Can Kıraç

KEMAL DERVİŞ DİREKSİYON BAŞINDA !

Ne yazık ki, Kemal Derviş'i tanıyanlar arasında değilim!

"Ecevit hayranı" olduğum yıllarda onun Bülent Bey'e danışmanlık yaptığını hatırlamamış olmayı, kendim için noksanlık, Kemal Derviş için ise önemli bir tevazu göstergesi saymaktayım. Demek ki, birçok siyasetçi ve aydının, öne çıkmak amacıyla "Kara Oğlan"ın etrafında toplandığı bir dönemde, Kemal Derviş, kendini geri planda tutma erdemini gösterebilmiş bir kişiliğe sahipmiş.

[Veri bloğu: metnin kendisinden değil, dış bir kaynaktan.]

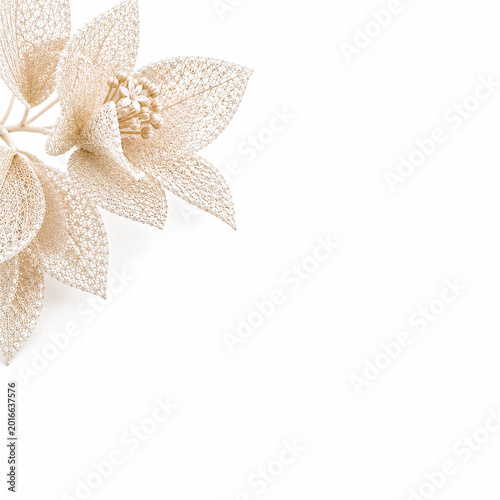 Delicate ivory lace flower in corner on white background with elegant copy space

Bugün karşı karşıya kalınan manzarayı ise çok ilginç buluyorum; Kemal Derviş'i tanıyan ve ona hayran olan ne kadar çok Türk dostu varmış! Ve çöken ekonomik programı ısrarla savunduktan sonra ortaya çıkan krizin sebeplerini bilen ne kadar çok ekonomiste sahipmişiz! Şaşmamak elde değil.

Kemal Derviş'in, ehliyetli bir uzman olarak, devrilen Türk ekonomimisinin direksiyonuna geçirileceğini öğrendiğimde, kafamda bir umut ışığının belirdiğini itiraf etmek isterim.

İçine düştüğümüz acıklı durumu bu yazıda tekrarlamanın yararı olmadığını biliyorum. Ancak, şu görüşümü belirtmekten de kendimi alamıyorum: Bir kaza sonucu büyük hasar görmüş araçlar için sigortacıların "pert-total" dedikleri bir tespitleri vardır. Bugün böyle vahim bir durumla karşı karşıya kaldığımızı bilmemiz gerekiyor.

Nitekim, ekonomik yapımızın bütün temel unsurları, neredeyse tamamen yok olmuş bulunmaktadır. Ekonominin itici gücü ve "motörü" olan finans sektörü bütünüyle çökmüştür. "Vites kutusu" durumundaki Merkez Bankası ve Hazine Müsteşarlığı devre dışı kalmıştır. Sistemin "direksiyon donanımı" olması gereken Bakanlar Kurulu ekonominin dışına taşınmıştır. "Fren ve güven donanımı" olduğu kabul edilen IMF ise dağılmış, güvenini yitirmiştir. Ekonominin "tekerlekleri" durumundaki sektörlerden; işçi ve memurların, esnaf ve tüccarın, çifçi ve sanayicilerin yürüyecek halleri kalmamıştır. Otomobillerdeki "gösterge tabloları" gibi ekonominin göstergesi olan "borsa" ise işlemez durumdadır. Ve ekonominin "karoserisini" oluşturan "piyasa" parça parça dökülmektedir!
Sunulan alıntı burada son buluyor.